* _EXERCISE_
Count the lines below that contain the word "Beige", and state only that number.

START EXTRACTED INFORMATION

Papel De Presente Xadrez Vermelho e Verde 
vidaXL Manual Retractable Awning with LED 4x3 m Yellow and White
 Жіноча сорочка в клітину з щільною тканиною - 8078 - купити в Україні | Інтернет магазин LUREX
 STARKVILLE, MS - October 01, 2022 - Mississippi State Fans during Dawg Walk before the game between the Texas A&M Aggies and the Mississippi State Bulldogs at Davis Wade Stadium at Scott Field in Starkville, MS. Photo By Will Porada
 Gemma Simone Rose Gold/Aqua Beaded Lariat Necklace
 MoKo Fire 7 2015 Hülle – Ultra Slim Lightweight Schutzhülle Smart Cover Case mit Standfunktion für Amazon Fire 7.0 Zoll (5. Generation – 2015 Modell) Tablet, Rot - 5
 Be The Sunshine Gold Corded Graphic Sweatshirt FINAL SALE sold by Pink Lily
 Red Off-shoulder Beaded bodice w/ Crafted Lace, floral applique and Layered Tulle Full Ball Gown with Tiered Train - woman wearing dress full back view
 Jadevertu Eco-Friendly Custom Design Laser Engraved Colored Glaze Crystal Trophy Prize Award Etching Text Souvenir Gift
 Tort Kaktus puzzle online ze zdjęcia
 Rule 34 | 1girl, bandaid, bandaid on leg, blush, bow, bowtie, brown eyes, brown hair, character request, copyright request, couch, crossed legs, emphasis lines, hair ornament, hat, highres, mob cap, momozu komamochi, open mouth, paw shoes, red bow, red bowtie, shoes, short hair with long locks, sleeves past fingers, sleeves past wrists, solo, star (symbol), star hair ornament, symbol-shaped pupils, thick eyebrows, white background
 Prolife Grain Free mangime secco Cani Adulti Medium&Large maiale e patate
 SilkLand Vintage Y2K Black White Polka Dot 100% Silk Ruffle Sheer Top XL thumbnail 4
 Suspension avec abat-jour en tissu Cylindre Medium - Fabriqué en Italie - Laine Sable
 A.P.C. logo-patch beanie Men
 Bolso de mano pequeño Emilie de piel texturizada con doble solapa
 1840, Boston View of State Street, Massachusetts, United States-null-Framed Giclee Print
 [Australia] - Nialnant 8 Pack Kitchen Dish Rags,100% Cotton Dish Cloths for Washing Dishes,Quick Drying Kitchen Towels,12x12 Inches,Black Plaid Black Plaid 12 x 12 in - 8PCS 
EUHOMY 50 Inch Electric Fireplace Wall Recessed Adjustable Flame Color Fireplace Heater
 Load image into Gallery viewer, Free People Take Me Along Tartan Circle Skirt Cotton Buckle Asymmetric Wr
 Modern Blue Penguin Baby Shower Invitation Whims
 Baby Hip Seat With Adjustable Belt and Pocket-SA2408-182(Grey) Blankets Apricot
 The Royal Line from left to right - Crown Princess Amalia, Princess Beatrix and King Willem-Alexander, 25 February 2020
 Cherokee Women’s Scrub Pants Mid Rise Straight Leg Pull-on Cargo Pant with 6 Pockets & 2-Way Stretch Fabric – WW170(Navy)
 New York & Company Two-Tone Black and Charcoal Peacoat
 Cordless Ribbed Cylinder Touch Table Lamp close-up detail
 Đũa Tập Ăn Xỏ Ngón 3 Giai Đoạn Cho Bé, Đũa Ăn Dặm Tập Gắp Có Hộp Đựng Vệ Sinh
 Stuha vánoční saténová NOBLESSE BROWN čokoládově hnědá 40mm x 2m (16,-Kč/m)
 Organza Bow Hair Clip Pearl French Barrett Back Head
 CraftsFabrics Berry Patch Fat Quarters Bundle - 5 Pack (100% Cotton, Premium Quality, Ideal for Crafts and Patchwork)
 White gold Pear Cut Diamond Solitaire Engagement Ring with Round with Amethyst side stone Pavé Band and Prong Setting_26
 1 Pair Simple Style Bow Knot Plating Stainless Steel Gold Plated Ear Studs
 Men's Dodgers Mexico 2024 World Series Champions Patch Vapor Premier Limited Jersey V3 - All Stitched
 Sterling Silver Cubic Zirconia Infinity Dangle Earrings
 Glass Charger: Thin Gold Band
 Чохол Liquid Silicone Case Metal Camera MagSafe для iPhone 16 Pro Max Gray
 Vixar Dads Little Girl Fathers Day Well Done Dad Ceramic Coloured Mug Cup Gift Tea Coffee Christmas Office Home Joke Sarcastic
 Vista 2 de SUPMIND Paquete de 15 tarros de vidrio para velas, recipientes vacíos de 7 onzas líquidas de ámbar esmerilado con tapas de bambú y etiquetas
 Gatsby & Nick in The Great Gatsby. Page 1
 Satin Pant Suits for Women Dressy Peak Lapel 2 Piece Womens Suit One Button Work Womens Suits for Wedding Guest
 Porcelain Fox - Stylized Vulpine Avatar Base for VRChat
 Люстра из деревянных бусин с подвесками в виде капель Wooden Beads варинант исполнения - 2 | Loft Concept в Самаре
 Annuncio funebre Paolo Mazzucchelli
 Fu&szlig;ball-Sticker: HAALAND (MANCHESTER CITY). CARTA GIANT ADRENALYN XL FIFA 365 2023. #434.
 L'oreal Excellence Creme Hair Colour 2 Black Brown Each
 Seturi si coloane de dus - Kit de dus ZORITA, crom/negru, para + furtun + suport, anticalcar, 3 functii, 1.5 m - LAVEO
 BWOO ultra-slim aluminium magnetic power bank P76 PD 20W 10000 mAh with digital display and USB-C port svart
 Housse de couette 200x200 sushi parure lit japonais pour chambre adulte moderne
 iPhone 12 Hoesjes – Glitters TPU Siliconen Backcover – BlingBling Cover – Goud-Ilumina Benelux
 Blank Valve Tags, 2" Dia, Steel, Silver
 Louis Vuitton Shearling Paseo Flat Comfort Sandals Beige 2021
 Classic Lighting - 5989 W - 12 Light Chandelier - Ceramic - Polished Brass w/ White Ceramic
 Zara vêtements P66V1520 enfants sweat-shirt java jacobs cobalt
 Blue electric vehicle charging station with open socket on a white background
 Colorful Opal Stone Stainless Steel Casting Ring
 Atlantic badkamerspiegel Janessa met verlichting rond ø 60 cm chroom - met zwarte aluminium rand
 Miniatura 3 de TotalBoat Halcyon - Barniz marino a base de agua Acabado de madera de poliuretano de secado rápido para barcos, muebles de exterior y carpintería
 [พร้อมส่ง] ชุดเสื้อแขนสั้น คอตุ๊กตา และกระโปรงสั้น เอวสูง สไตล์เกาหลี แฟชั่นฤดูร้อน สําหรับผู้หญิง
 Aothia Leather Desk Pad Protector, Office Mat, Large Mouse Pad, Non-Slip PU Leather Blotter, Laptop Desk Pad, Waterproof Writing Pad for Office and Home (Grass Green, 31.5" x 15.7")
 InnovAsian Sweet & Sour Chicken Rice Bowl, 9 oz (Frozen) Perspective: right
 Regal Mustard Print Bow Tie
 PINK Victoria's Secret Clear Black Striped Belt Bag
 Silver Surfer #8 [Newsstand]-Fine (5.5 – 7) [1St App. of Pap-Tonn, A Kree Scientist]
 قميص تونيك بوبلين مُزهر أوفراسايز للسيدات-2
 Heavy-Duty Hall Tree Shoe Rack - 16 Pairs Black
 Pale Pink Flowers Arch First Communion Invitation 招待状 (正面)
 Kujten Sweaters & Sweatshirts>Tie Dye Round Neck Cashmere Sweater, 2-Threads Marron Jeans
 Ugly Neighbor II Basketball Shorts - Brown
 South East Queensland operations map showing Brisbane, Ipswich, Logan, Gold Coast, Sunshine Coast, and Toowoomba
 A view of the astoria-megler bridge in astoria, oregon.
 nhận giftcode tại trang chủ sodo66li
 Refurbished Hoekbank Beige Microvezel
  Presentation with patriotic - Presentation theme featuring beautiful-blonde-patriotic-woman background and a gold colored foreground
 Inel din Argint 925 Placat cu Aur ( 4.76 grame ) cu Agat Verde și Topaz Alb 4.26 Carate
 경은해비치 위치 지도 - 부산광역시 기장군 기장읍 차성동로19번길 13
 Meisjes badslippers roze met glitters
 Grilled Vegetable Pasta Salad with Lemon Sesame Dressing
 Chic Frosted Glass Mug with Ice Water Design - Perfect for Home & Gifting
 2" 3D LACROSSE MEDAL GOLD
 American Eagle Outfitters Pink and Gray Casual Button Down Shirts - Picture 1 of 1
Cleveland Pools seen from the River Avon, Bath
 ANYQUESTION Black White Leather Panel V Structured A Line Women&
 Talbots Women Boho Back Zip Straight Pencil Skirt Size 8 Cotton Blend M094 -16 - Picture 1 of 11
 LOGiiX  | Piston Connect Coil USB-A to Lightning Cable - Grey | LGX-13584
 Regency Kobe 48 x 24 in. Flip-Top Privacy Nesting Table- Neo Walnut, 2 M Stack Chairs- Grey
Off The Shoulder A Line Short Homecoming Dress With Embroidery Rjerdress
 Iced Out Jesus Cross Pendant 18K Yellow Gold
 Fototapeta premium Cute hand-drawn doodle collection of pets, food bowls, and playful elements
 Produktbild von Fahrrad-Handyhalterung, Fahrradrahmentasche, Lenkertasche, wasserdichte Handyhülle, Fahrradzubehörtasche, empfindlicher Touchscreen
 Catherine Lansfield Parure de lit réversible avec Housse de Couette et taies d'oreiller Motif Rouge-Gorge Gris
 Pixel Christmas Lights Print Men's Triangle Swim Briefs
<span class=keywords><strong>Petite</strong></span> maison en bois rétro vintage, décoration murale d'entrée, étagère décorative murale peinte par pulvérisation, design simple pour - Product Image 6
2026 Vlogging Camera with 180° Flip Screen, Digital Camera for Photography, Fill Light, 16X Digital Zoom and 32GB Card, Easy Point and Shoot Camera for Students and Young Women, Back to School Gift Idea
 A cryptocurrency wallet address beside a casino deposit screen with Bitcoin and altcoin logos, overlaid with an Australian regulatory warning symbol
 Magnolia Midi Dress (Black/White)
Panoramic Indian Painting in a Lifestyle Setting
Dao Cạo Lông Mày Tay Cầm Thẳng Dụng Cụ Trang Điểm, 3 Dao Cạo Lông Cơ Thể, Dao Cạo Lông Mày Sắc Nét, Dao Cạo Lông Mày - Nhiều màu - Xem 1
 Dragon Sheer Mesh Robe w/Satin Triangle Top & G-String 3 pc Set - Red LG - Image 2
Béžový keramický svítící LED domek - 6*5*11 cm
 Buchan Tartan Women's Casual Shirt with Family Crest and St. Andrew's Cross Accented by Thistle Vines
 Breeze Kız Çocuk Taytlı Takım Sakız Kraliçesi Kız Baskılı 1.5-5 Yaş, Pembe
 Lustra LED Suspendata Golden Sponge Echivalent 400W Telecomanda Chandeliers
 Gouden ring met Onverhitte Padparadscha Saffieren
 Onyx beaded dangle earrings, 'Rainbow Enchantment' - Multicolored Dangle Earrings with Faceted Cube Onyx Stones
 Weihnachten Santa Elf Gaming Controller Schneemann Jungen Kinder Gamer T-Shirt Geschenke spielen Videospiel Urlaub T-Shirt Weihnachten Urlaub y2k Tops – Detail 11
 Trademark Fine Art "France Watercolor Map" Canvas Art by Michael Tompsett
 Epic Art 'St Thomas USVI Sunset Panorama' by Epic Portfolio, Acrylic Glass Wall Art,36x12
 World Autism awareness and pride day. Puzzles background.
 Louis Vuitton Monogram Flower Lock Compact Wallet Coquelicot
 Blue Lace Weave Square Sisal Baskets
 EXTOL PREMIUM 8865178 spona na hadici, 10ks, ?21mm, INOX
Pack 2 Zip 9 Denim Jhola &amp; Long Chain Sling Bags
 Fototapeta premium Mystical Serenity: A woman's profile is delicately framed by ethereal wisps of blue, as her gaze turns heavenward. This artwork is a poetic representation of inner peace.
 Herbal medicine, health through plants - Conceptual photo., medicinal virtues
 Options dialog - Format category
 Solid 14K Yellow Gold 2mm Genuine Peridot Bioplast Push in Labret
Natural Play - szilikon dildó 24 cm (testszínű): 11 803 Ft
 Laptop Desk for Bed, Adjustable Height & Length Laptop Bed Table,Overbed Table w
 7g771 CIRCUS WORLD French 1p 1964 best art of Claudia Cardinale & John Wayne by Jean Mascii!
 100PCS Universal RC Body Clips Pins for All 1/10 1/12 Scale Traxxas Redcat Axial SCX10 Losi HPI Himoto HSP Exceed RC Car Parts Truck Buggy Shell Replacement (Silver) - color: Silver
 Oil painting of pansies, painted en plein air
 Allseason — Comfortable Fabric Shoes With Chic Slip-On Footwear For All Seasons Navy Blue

END EXTRACTED INFORMATION

* _RESPONSE_
2